[Source records]
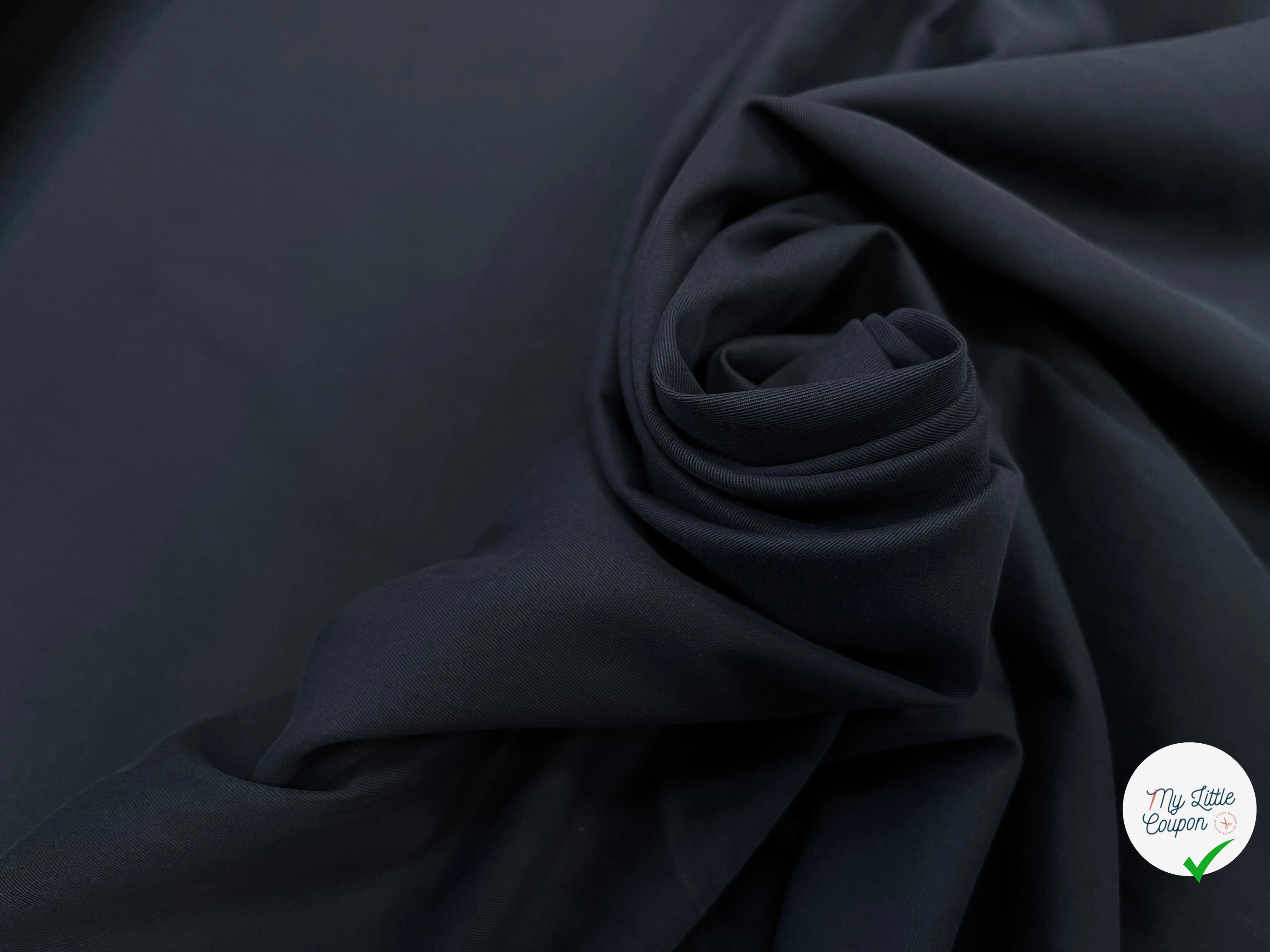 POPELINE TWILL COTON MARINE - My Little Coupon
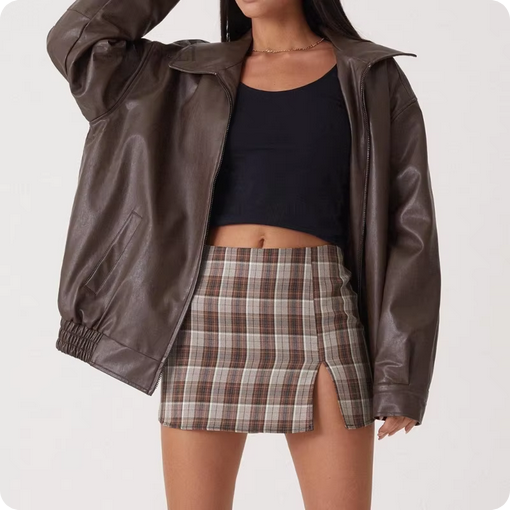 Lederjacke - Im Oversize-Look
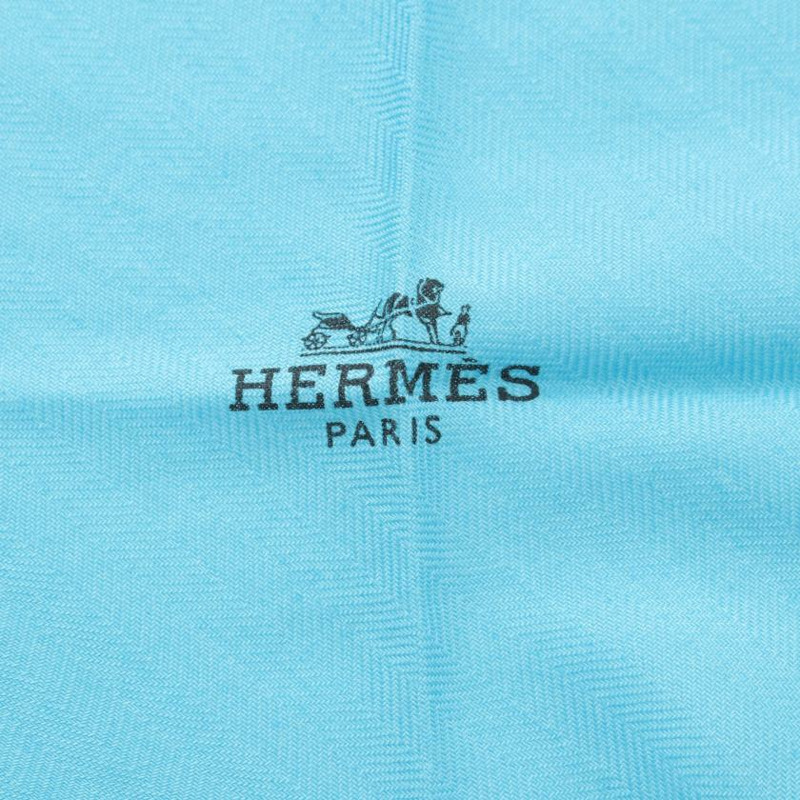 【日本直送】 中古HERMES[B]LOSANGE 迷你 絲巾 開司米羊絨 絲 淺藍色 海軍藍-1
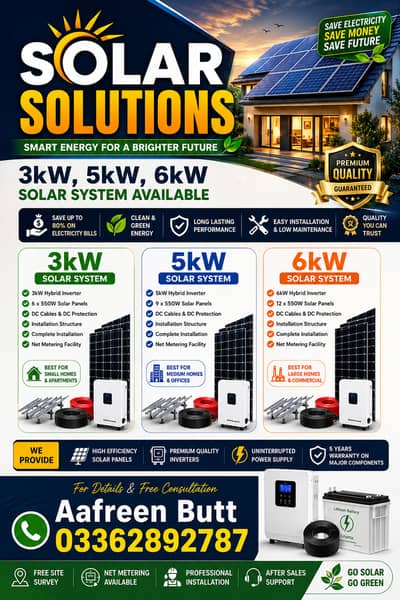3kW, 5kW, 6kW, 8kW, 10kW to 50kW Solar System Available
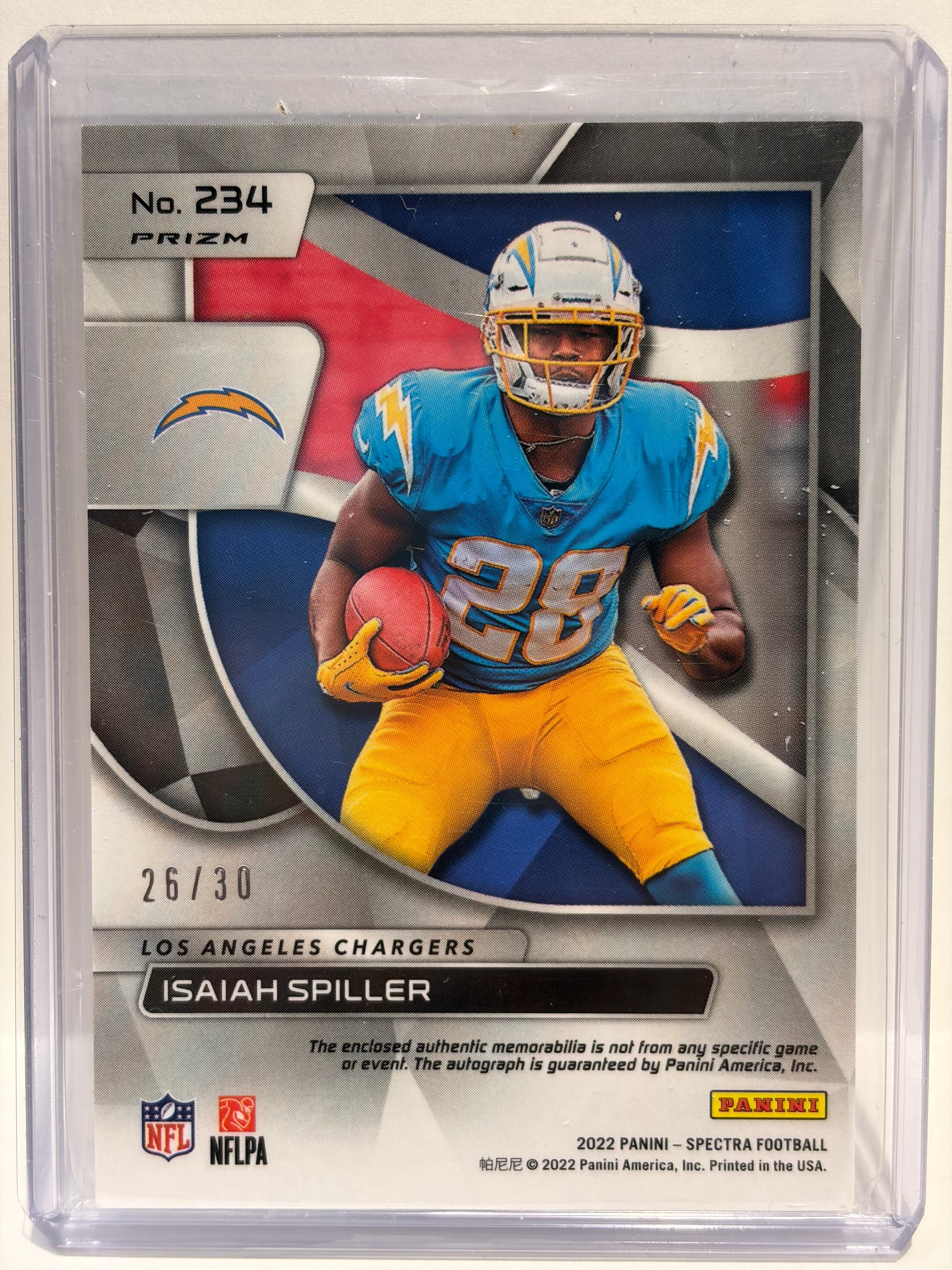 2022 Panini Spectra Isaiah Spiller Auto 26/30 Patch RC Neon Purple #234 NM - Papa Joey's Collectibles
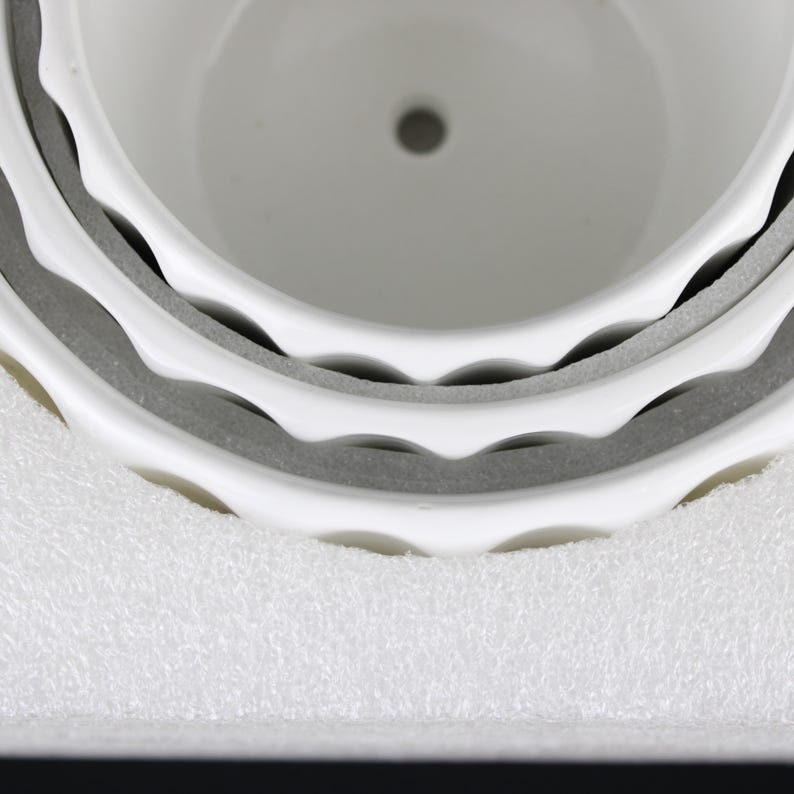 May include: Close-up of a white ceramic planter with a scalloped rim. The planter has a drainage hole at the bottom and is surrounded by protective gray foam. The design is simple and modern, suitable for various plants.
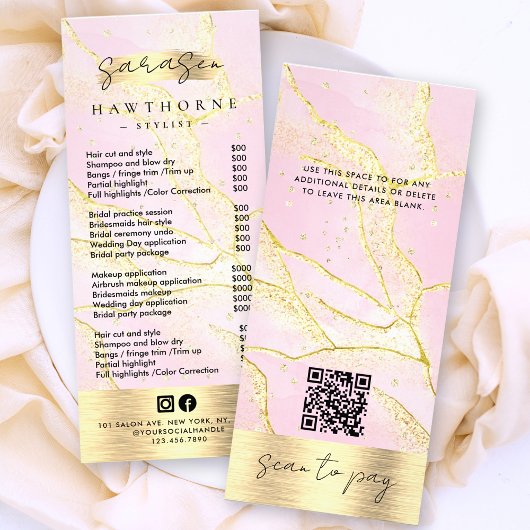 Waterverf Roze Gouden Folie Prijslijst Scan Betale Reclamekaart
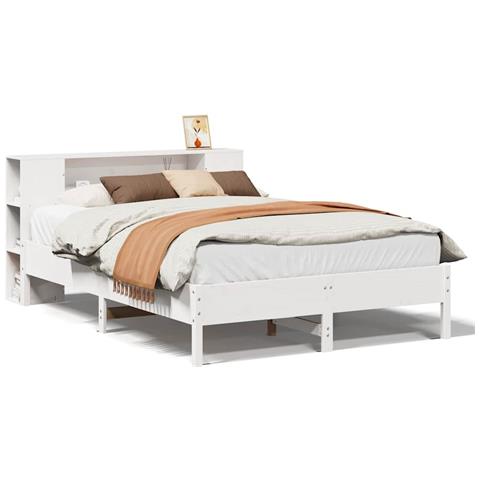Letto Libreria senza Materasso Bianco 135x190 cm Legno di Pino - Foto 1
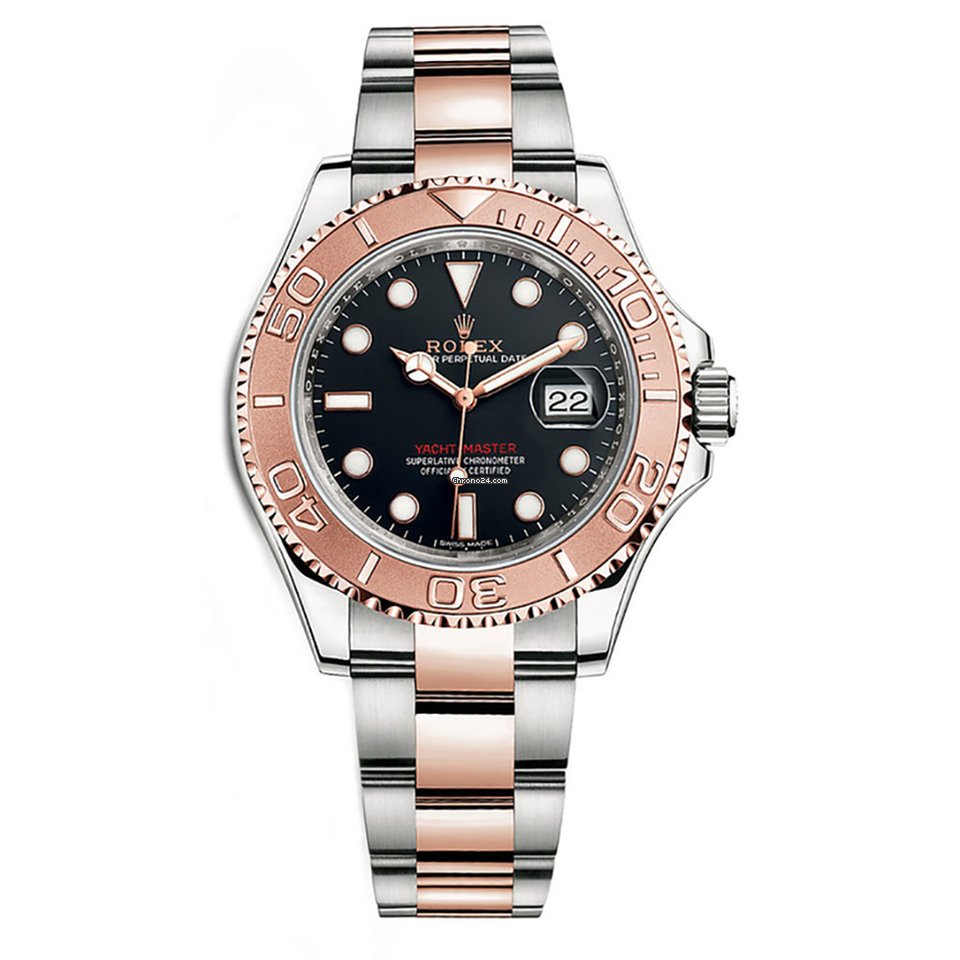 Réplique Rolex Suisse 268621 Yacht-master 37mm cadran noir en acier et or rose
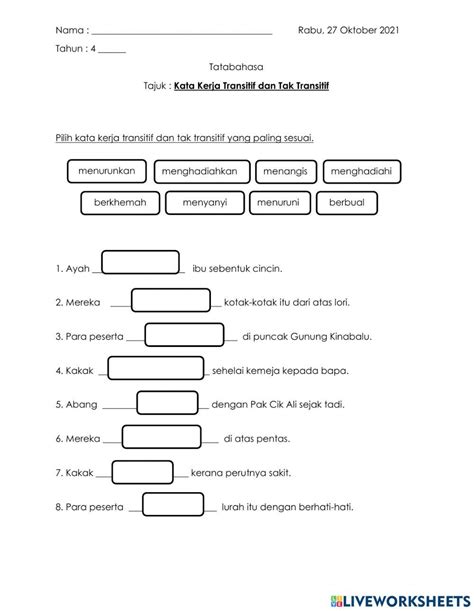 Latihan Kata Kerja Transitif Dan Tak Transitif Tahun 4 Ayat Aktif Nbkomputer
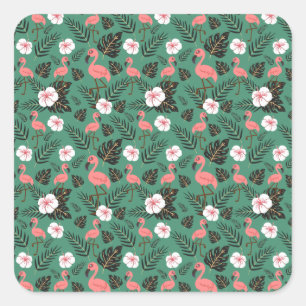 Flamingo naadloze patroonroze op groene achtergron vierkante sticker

* WHAT YOU SHOULD DO
Once the line containing "Letto Libreria senza" is found, copy it and each line after it through the end of the entries above exactly; nothing else, and no pictures.

* REPLY TO THE TASK
Letto Libreria senza Materasso Bianco 135x190 cm Legno di Pino - Foto 1
 Réplique Rolex Suisse 268621 Yacht-master 37mm cadran noir en acier et or rose
 Latihan Kata Kerja Transitif Dan Tak Transitif Tahun 4 Ayat Aktif Nbkomputer
 Flamingo naadloze patroonroze op groene achtergron vierkante sticker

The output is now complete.